Go to the line holding "Sobremesa Com Grão" in the entries below and write out exactly every line down to and including the line holding "2019 Nissan Altima SV - Photo 6".

Start of INPUT DATA

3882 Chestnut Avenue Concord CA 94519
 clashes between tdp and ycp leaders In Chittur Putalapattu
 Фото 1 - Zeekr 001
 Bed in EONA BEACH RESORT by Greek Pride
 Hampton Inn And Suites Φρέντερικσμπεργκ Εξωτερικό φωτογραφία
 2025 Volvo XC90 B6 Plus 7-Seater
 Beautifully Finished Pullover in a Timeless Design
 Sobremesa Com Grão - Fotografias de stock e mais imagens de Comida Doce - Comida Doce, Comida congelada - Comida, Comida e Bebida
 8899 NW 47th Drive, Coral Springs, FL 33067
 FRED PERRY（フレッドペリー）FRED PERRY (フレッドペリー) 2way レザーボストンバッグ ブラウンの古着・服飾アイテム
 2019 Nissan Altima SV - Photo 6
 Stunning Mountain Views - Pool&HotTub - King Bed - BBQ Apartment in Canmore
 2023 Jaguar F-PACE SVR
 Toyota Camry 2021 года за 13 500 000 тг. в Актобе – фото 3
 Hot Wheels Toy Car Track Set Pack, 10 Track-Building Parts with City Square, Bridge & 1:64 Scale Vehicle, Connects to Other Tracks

End of INPUT DATA

**ANSWER BOX**
 Sobremesa Com Grão - Fotografias de stock e mais imagens de Comida Doce - Comida Doce, Comida congelada - Comida, Comida e Bebida
 8899 NW 47th Drive, Coral Springs, FL 33067
 FRED PERRY（フレッドペリー）FRED PERRY (フレッドペリー) 2way レザーボストンバッグ ブラウンの古着・服飾アイテム
 2019 Nissan Altima SV - Photo 6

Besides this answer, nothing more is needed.